• _Exercise_
Starting at the line that contains "Rusty pipes Iron" and ending at the line that contains "패턴 인식 성능을 비약적으로 향상", the lines below are to be given again exactly, with nothing added.

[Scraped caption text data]

[Start of section]

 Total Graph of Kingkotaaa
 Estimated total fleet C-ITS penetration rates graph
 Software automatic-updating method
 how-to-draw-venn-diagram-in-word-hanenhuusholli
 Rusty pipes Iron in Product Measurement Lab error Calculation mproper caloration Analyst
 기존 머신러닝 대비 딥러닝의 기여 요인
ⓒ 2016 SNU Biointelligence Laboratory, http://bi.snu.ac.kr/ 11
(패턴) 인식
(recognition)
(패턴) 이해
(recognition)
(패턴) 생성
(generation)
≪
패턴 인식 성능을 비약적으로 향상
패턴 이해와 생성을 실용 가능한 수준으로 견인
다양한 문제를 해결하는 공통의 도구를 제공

[End of section]

• _Exercise output_
 Rusty pipes Iron in Product Measurement Lab error Calculation mproper caloration Analyst
 기존 머신러닝 대비 딥러닝의 기여 요인
ⓒ 2016 SNU Biointelligence Laboratory, http://bi.snu.ac.kr/ 11
(패턴) 인식
(recognition)
(패턴) 이해
(recognition)
(패턴) 생성
(generation)
≪
패턴 인식 성능을 비약적으로 향상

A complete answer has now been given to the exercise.